People told us they felt safe living at Martins House. Staff were knowledgeable about safeguarding processes and when to report concerns to the registered manager, or when to confidentially raise concerns through whistleblowing. Staff demonstrated a good understanding of people`s needs and were knowledgeable about risk management and how to mitigate risks to keep people safe. People were supported by sufficient numbers of staff who responded in a timely manner to people when they required assistance. People were given their medicines as the prescriber intended and medicines were managed safely. People lived in a clean and hygienic environment.

People were supported by a staff team who had been trained appropriately and who were supported by their line manager. People’s consent was obtained prior to care being provided and staff explained to people what they were consenting to. Where people were unable to provide consent the legal requirements were understood by staff and followed.

People were supported to have sufficient food and drinks. People had access to healthcare professionals such as their GP as and when required.

People felt that they were treated as individuals and they mattered. The care people received was personalised and that staff paid close attention to the needs of the people they supported.

People were encouraged to socialise, pursue their hobbies and interests and try new things. There was a strong culture within the service of treating people with dignity, respect and supporting people to remain as independent as possible. People and the staff knew each other well and these relationships were valued by people who used the service. People nearing the end of their life and their families received a good level of care and support.

People and their relatives where appropriate were involved in the development and the review of their care and support plans. Support plans were comprehensive and captured people’s support needs as well as their preferences regarding the care they received. Care plans were updated every time a change occurred which influenced the way people received support. People were supported to take decisions about their care and be independent. People were encouraged to socialise, pursue their hobbies and interests and try new things.

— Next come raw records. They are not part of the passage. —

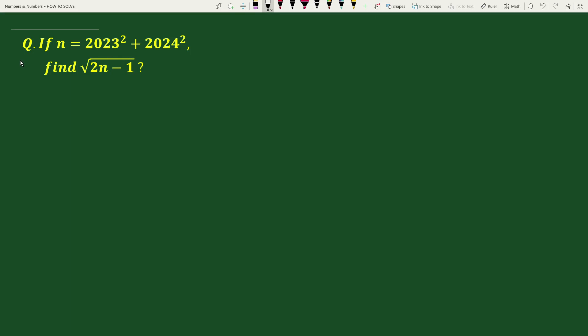Hello everyone. The question is: if n equals 2023 squared plus 2024 squared, find the square root of 2n minus 1.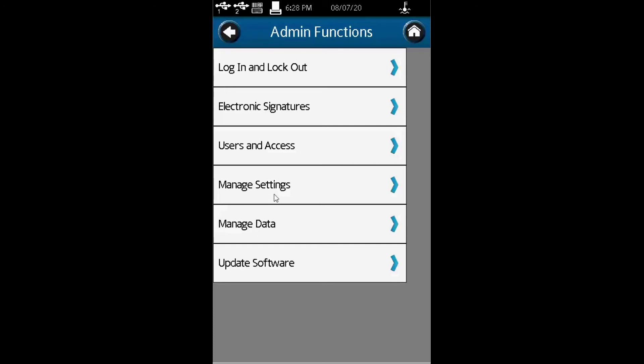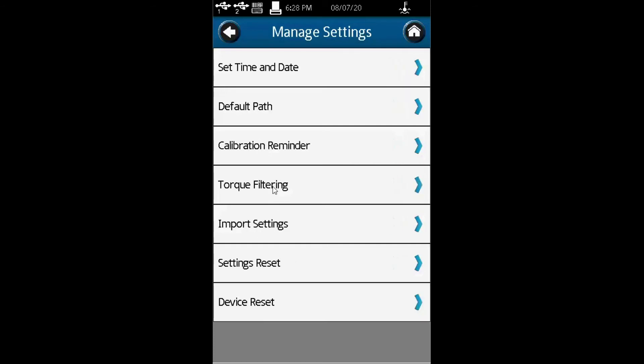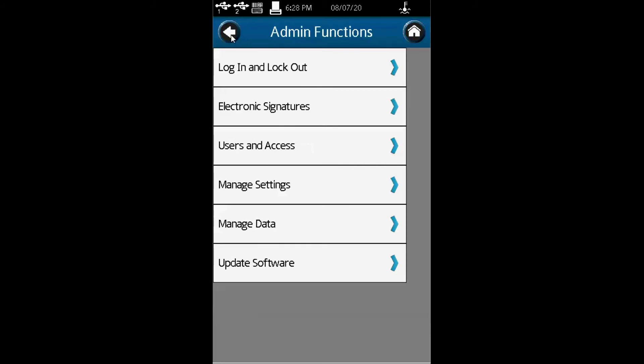Also, under manage settings, after user access, you can set time and date defaults, calibration reminders, and device reset.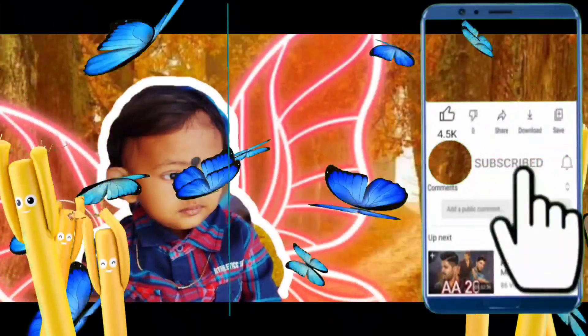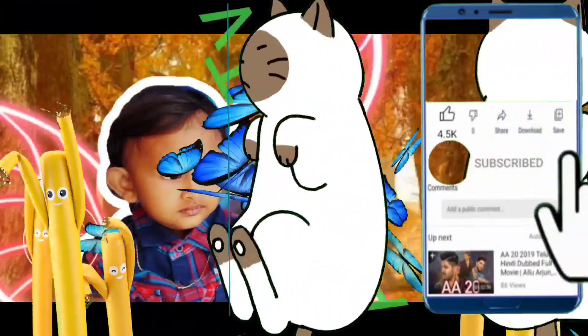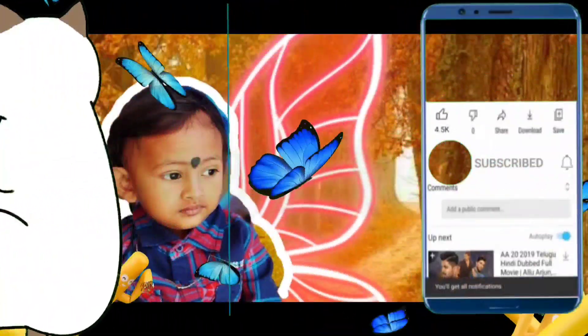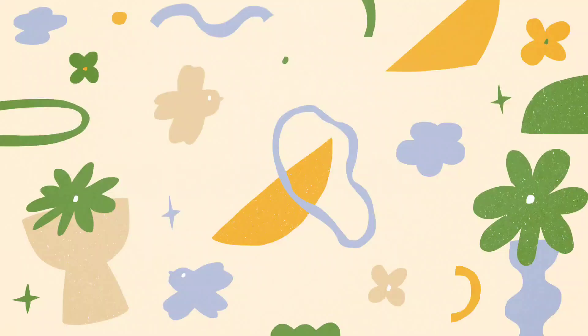Subscribe now and press the bell icon. Never miss an update.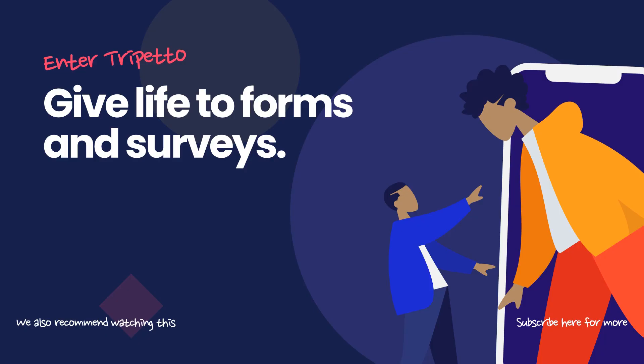And that's how you make your Trepeto form smart. Branch logic is very flexible and is a lot more powerful than we show here. Just play around and you'll discover its almost endless capabilities. Also check out our other videos for more tips and tricks. And don't forget to subscribe to our Trepeto channel. Thanks and goodbye.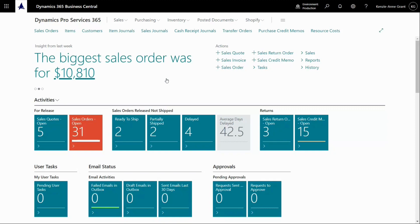How to reconcile the inventory in Business Central. If you want to reconcile your inventory from the value entries up to the item ledger entries against the general ledger, I'll show you how to do it here.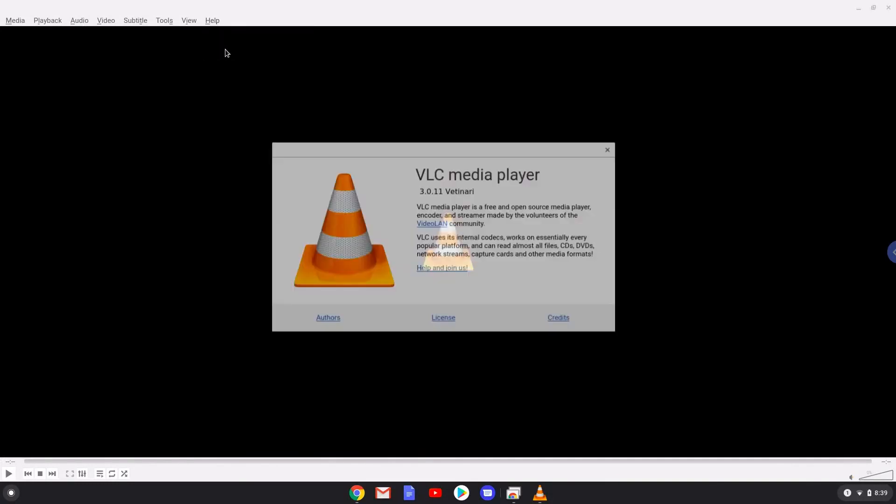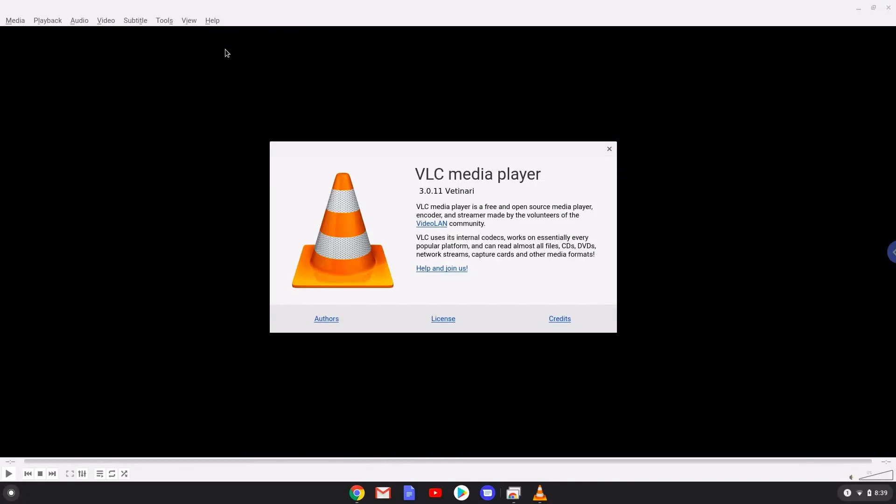VLC is now installed. From here you can launch all media files which are in your Linux Files folder, which you can find in your File Manager, or you can play all media files on your Chromebook by opening them with VLC.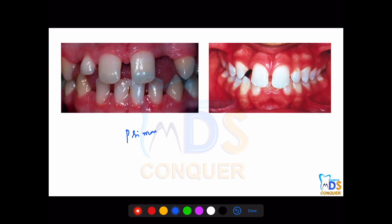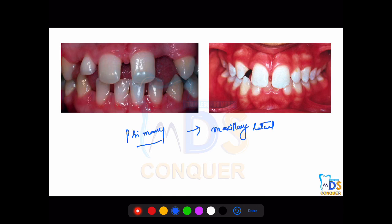Until now we discussed permanent teeth. For deciduous or primary teeth, the most commonly missing primary tooth is the maxillary lateral. Don't get confused — check whether the question is asking about permanent or primary missing teeth. If they do not specify, they are asking about permanent missing teeth.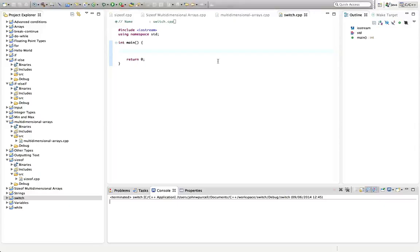Hello, this is John from caveofprogramming.com. In this tutorial we're going to look at the switch statement in C++.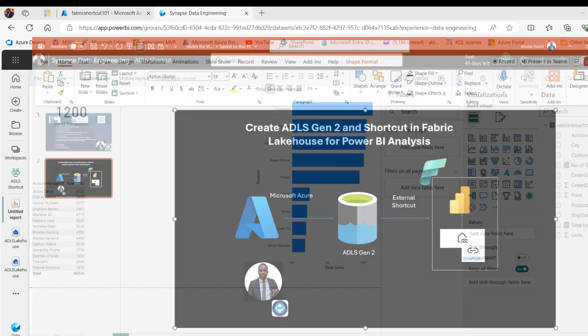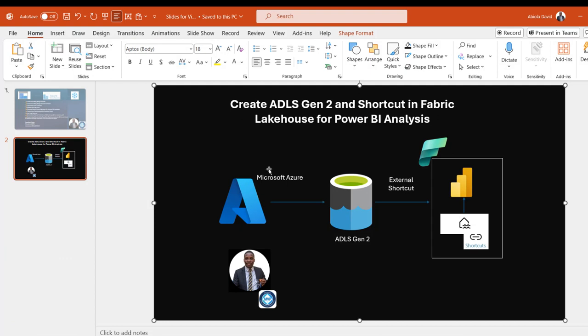We've seen how to create ADLS Gen 2 in Microsoft Azure and how to create shortcuts to that data in the Fabric lake house for analysis in Power BI. I hope you enjoyed this video. If you did, give it a thumbs up, share with your friends, comment, and follow me for more videos. Thank you for watching. Bye for now.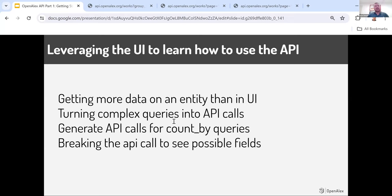Now I want to switch and talk about how you can leverage the UI when you're learning the API. I showed you a couple of examples you can get started with, copying and pasting different fields into these calls. But there's a much better way of doing it. You can find the full list of all the fields you can get at docs.openalex.org, and you're able to find the full list of fields you're able to filter and count by.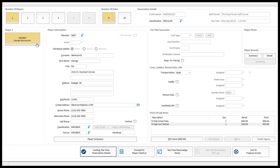The tee time guarantee section is only enabled when integrated with the secure credit card processor and is used in reservations to secure the booking. The player photo section will default to the member's photo if present. The player rounds section is useful for looking into past or future bookings for the member. The carts, caddies, rental clubs, and GPS section is where you can assign resources like pole or power carts, specific caddies, rental club usage, or assignment of GPS units. As each item gets added in this section, you will see it added in the point of sale items area in the bottom right-hand corner of the screen.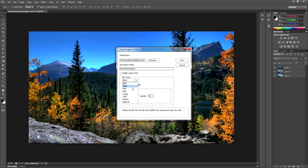For file type, go ahead and choose JPEG. It often defaults to PSD, so make sure you choose JPEG or whatever file type you prefer. I like to keep the quality around 12 — it usually defaults to around 8 or 9. Once you've chosen your folder and all your settings, hit Run.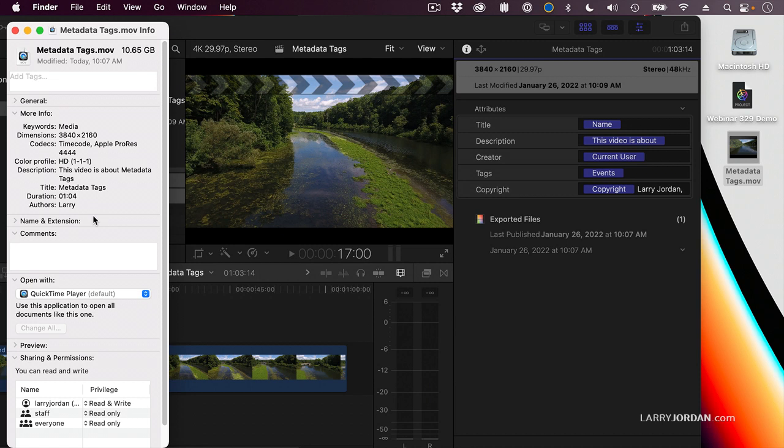The good news is, these tags are searchable by Spotlight. So, you do a Spotlight search, any tag will be searchable. But, it does not transfer to any media asset management system. It does not re-import. If you bring a movie back into Final Cut, Final Cut doesn't pull these tags in.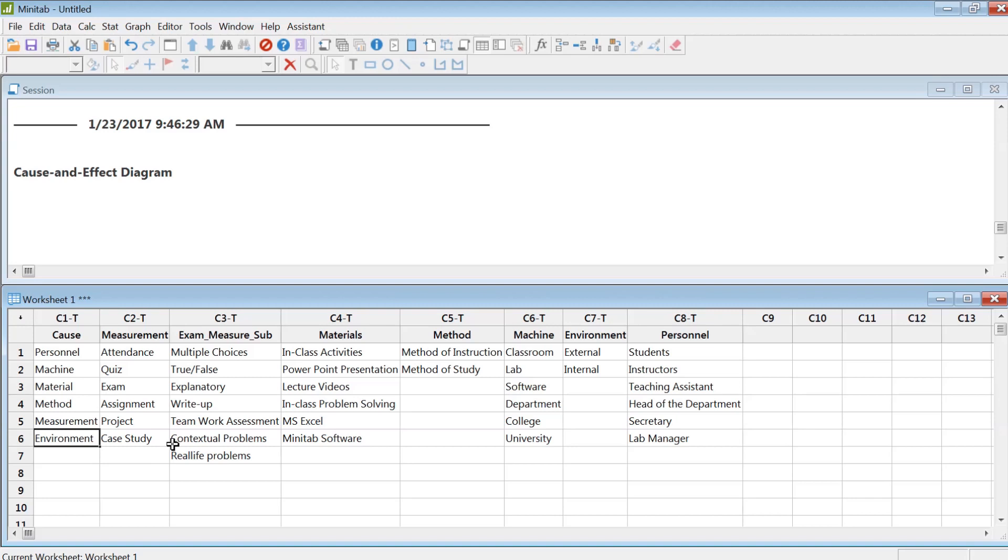In this example, I'm trying to see how my students learn better and what are the things under each of these categories. So for example, the measurement category: how do I assess my students? That definitely affects learning.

The registered manager and the provider carried out a regular programme of audits to assess the quality of the service, and we saw that these were capable of identifying shortfalls which needed to be addressed. Where shortfalls were identified, records demonstrated that these were acted upon promptly. People felt the registered manager was approachable and staff felt the registered manager listened to their views and was responsive. A range of meetings were held so people and staff were able to share their views about the quality of care provided. People’s care records were accurately maintained.